**Data under study:**
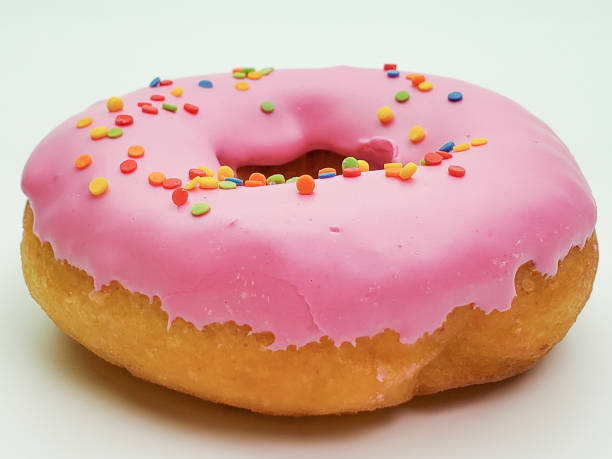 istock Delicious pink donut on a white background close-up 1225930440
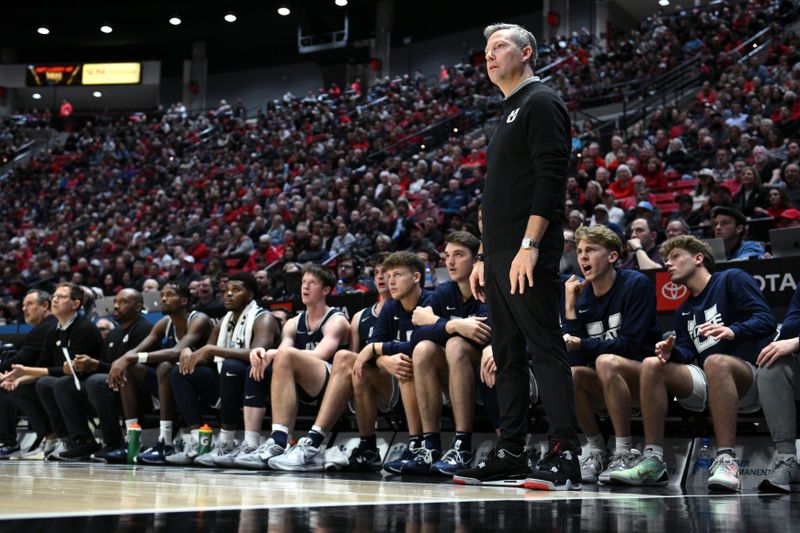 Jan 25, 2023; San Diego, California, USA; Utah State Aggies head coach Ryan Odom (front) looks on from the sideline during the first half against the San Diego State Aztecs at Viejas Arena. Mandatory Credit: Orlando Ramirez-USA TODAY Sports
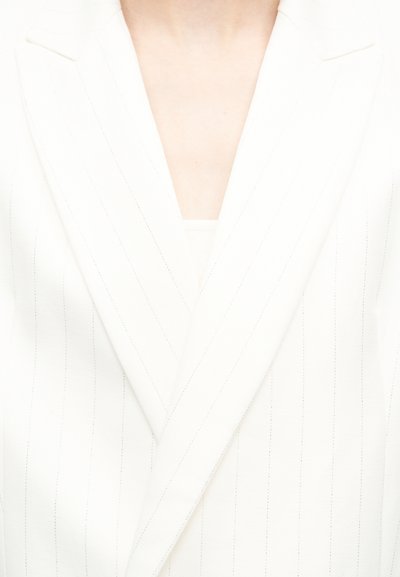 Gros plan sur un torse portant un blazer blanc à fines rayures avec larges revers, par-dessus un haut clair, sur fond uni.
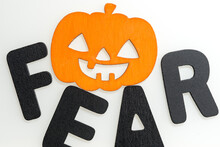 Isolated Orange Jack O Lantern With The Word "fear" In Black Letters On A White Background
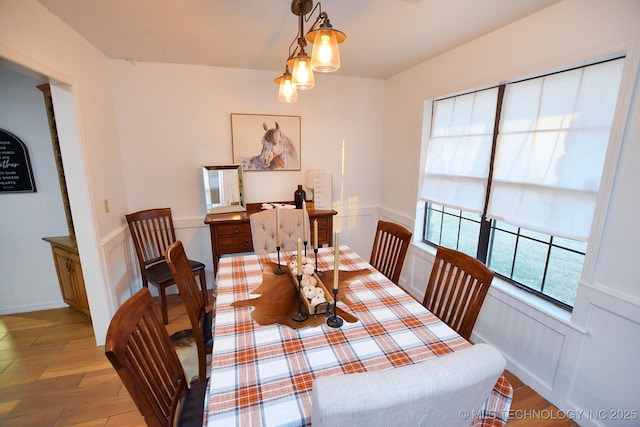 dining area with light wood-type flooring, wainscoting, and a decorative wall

**Description of the task:** An exact copy is needed of the entries above, starting at the line that holds "Jan 25, 2023;" and stopping at the line that holds "Gros plan sur", both kept; pictures stay out.

**Answer to this problem:**
 Jan 25, 2023; San Diego, California, USA; Utah State Aggies head coach Ryan Odom (front) looks on from the sideline during the first half against the San Diego State Aztecs at Viejas Arena. Mandatory Credit: Orlando Ramirez-USA TODAY Sports
 Gros plan sur un torse portant un blazer blanc à fines rayures avec larges revers, par-dessus un haut clair, sur fond uni.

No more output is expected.